WORK REQUIRED: Word for word, transcribe the data below from the line with "spice Заволжск" to the line with "Maxi Cosi 3wayFix I - Size Base*", keeping both of those lines.

[Short web captions]
****************

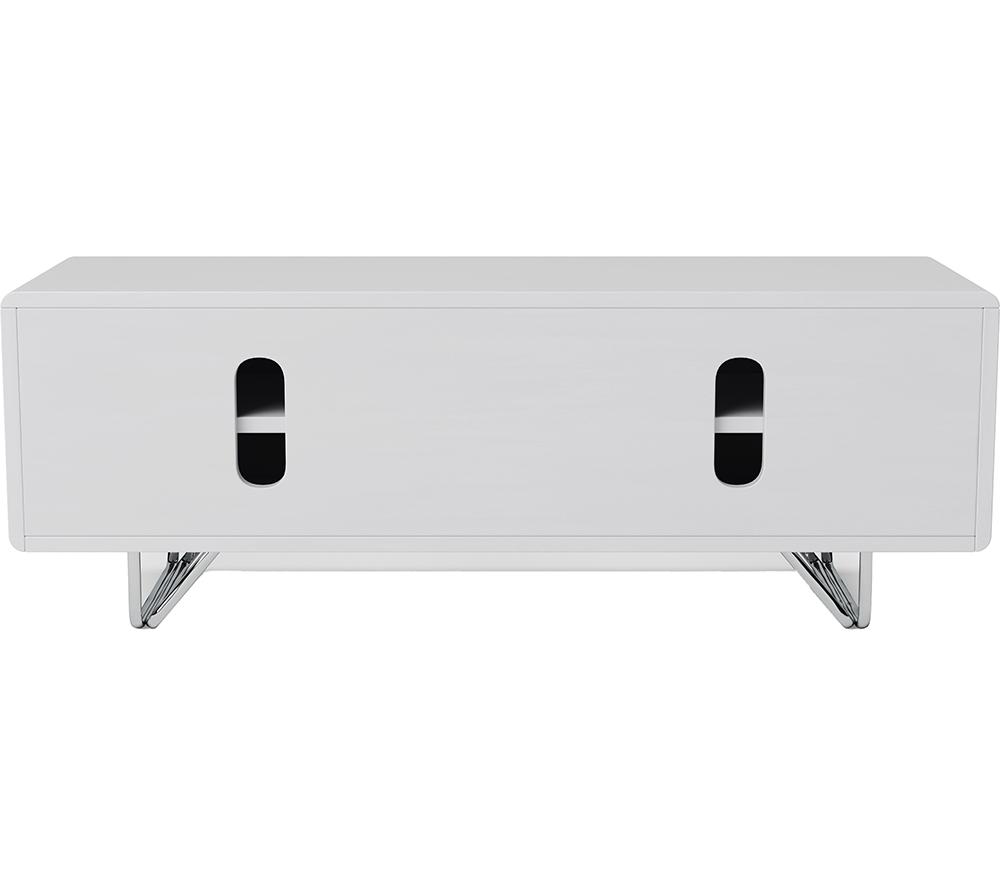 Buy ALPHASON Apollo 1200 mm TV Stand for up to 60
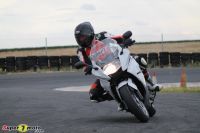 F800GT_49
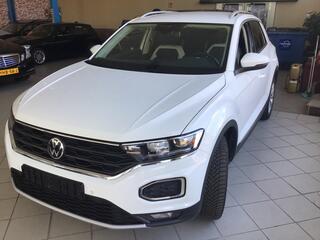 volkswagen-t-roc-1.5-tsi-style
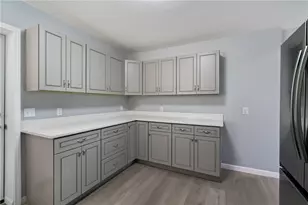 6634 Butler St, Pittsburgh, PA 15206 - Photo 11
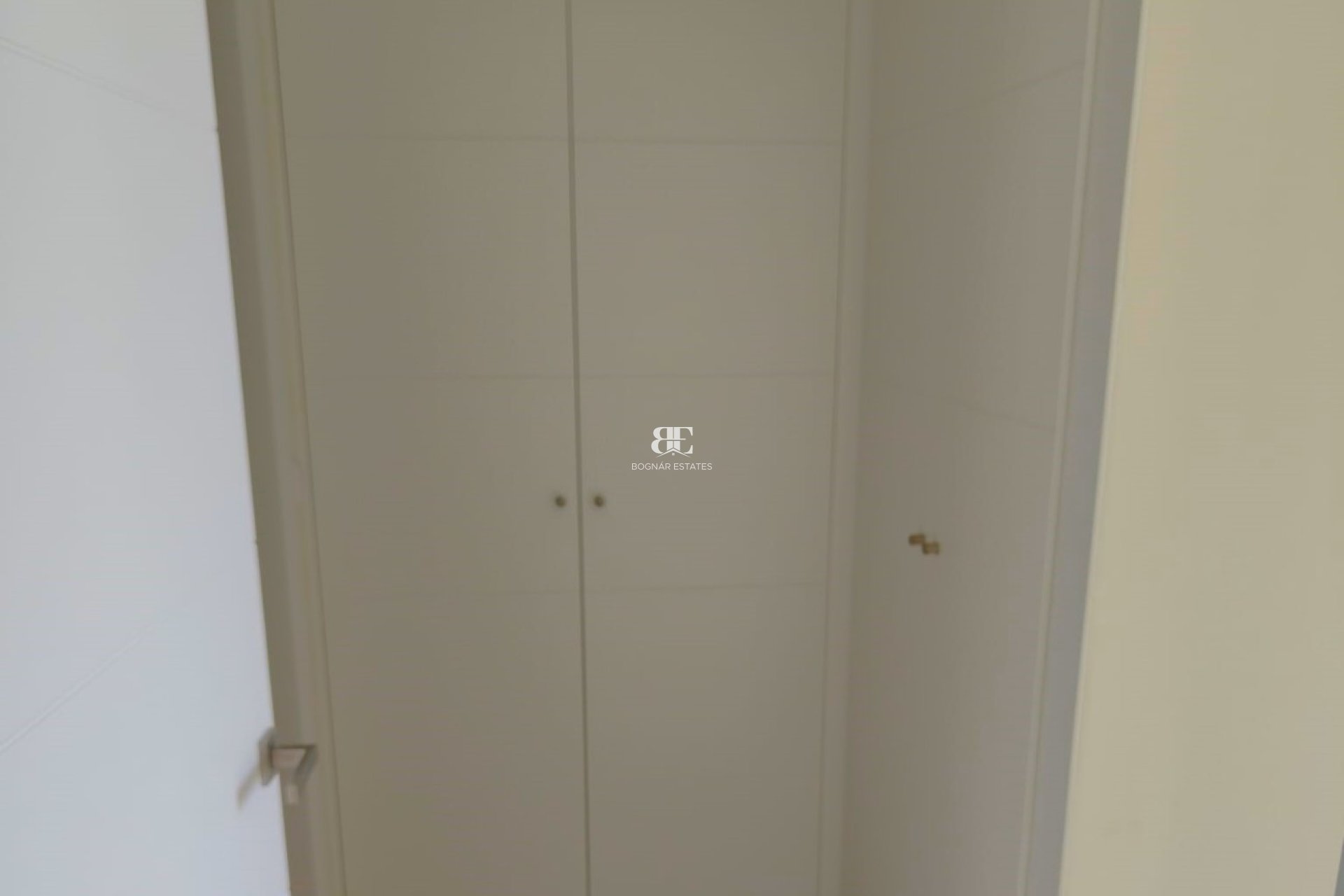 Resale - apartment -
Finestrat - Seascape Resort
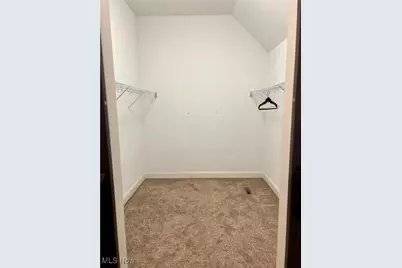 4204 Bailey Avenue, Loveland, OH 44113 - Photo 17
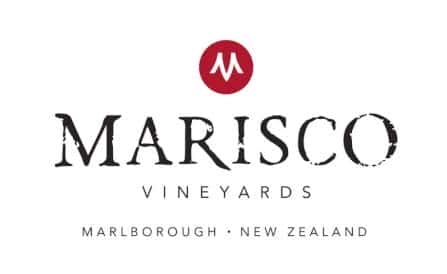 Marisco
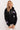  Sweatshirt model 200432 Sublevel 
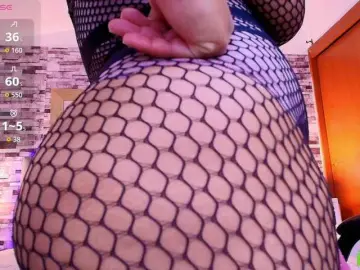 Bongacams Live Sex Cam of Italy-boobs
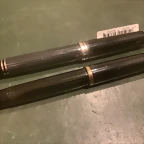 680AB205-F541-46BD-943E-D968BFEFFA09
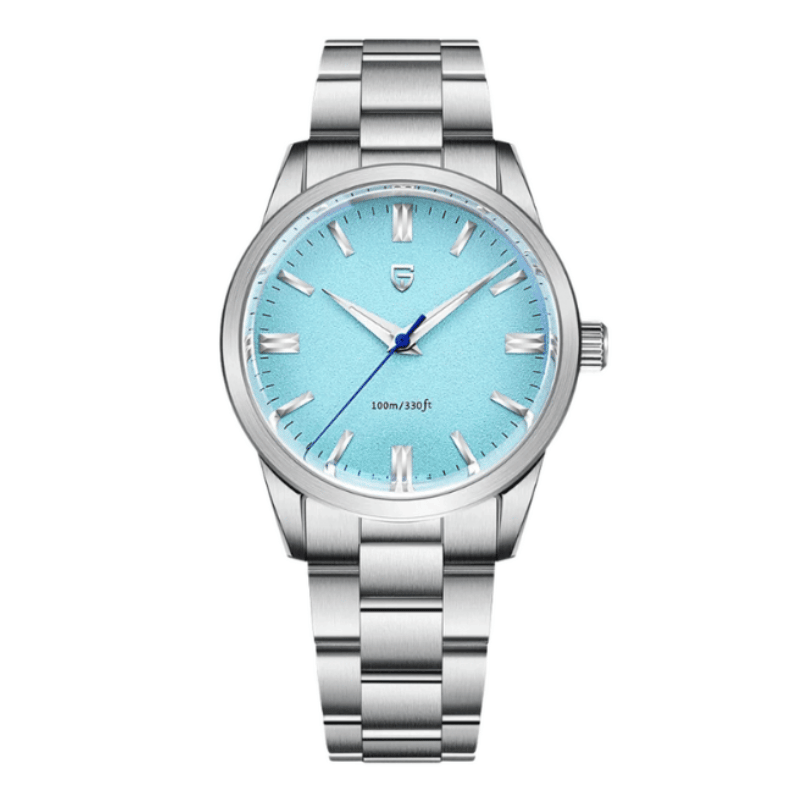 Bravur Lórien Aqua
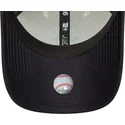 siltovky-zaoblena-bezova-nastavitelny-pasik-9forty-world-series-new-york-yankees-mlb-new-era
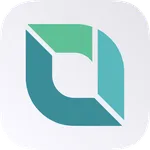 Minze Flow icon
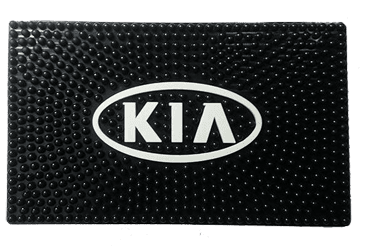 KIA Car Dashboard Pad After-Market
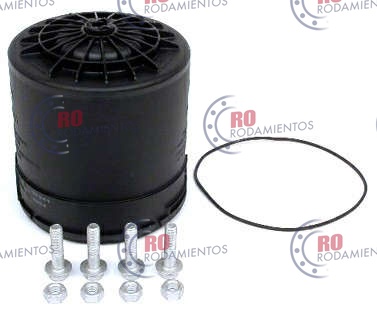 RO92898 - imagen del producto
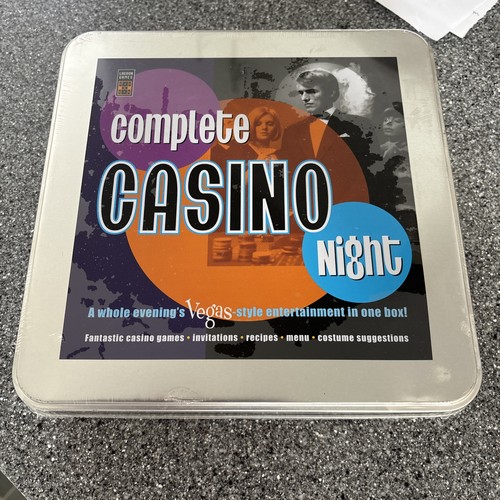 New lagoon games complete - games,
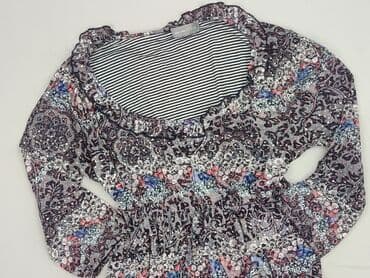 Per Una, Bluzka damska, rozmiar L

****************

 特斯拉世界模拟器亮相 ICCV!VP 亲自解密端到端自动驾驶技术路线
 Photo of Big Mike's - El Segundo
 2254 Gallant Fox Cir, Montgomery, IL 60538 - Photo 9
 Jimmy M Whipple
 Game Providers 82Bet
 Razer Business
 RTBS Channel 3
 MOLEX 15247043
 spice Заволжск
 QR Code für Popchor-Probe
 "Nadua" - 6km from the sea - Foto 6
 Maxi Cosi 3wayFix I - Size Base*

****************

ANSWER SECTION:
 spice Заволжск
 QR Code für Popchor-Probe
 "Nadua" - 6km from the sea - Foto 6
 Maxi Cosi 3wayFix I - Size Base*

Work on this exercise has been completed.